> Provided entries
- Opening Delimiter -

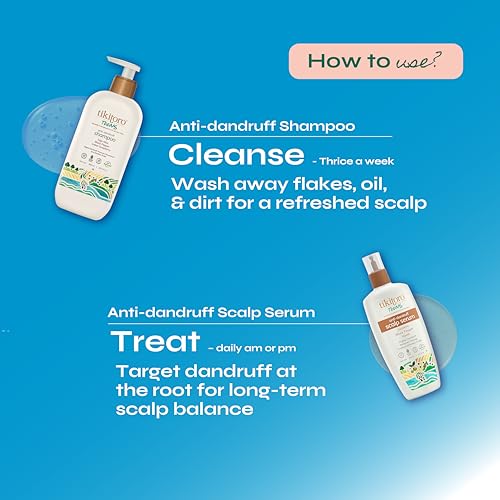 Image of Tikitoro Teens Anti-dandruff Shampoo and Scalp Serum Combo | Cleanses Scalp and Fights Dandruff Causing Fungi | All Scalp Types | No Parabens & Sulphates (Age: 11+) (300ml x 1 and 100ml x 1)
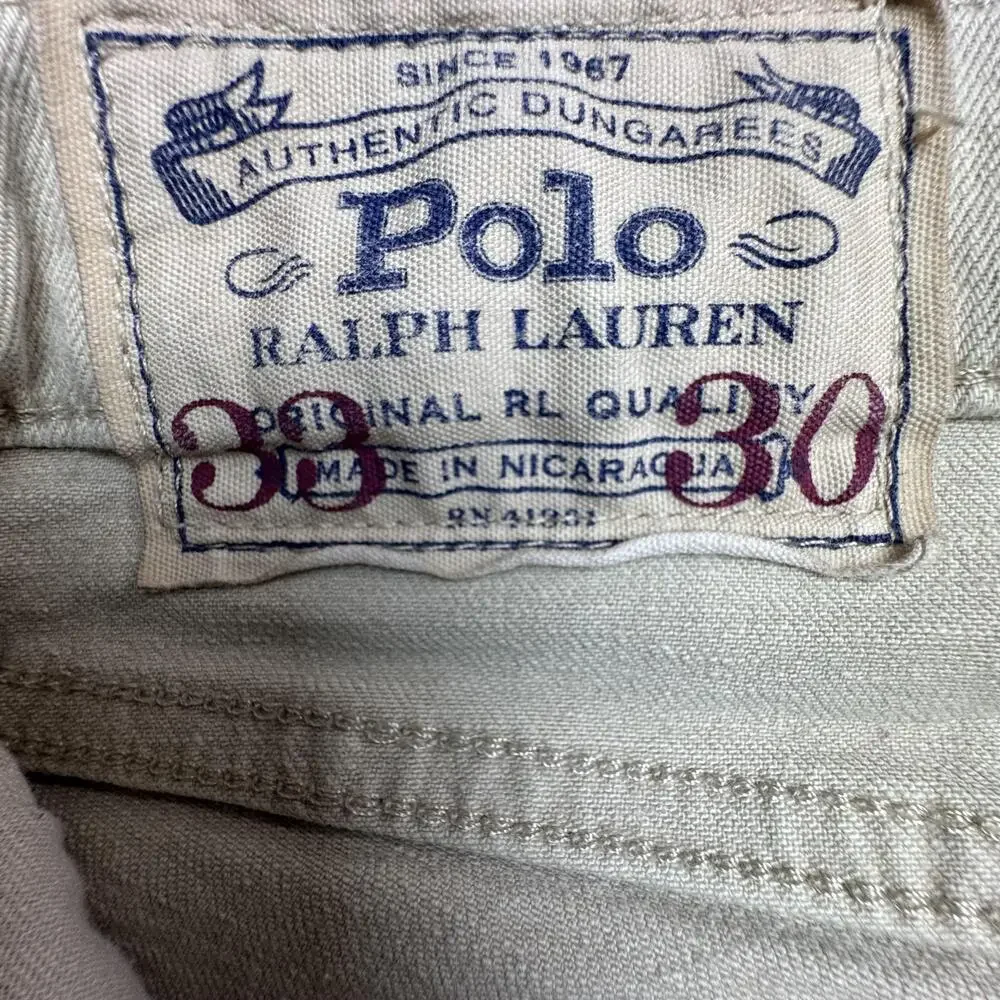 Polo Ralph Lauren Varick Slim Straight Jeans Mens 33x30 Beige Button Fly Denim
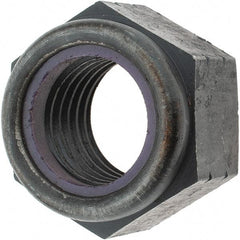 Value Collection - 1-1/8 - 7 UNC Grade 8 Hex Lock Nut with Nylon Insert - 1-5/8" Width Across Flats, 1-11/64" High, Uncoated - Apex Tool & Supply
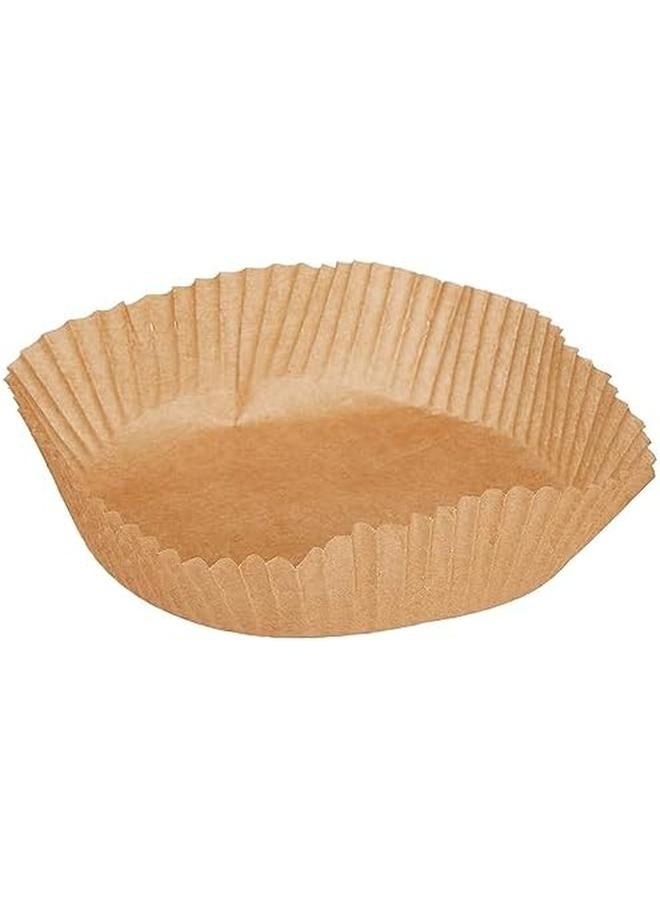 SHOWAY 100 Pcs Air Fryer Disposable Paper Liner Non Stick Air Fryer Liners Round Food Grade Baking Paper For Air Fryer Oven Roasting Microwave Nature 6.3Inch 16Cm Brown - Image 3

- Closing Delimiter -
- Opening Delimiter -

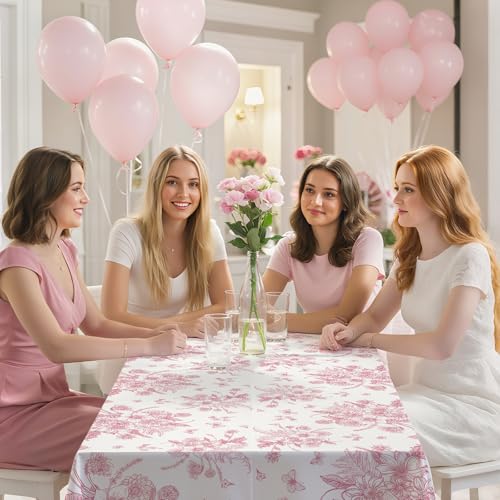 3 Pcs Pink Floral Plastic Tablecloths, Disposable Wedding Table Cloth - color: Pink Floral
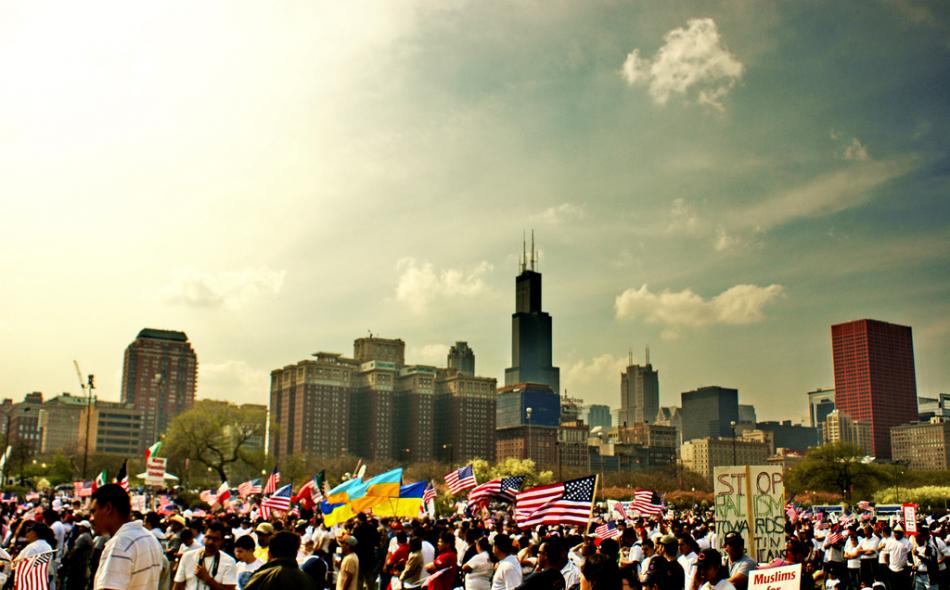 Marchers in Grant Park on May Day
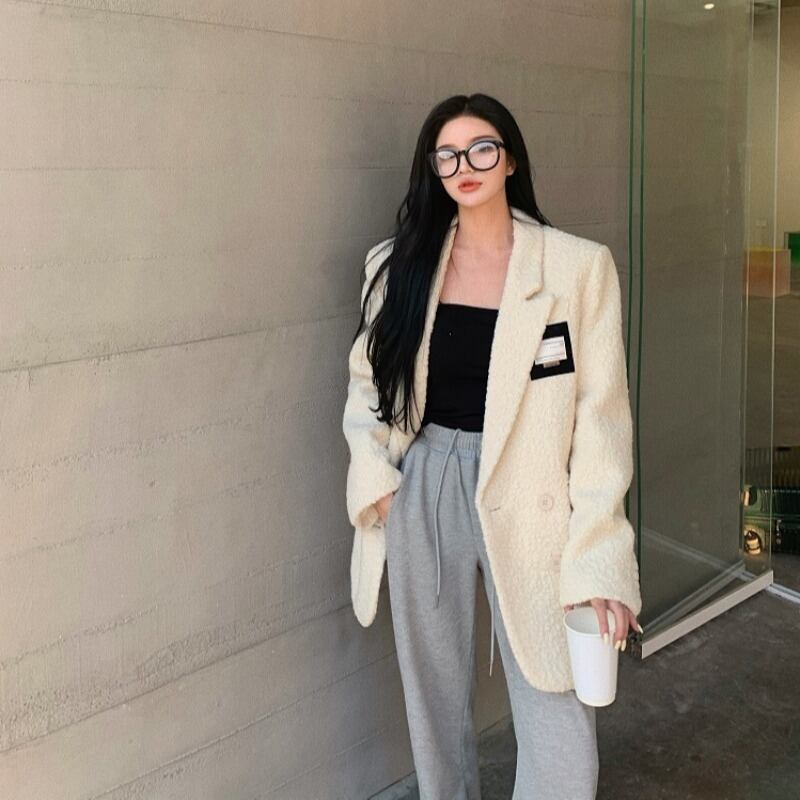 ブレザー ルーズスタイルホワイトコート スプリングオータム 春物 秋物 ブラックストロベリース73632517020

- Closing Delimiter -

> Goal of the exercise
Start at the line above containing "Marchers in Grant Park on May Day" and stop at the line containing "ブレザー ルーズスタイルホワイトコート スプリングオータム": print those lines and everything between them exactly, but not the pictures.

> Written response
 Marchers in Grant Park on May Day
 ブレザー ルーズスタイルホワイトコート スプリングオータム 春物 秋物 ブラックストロベリース73632517020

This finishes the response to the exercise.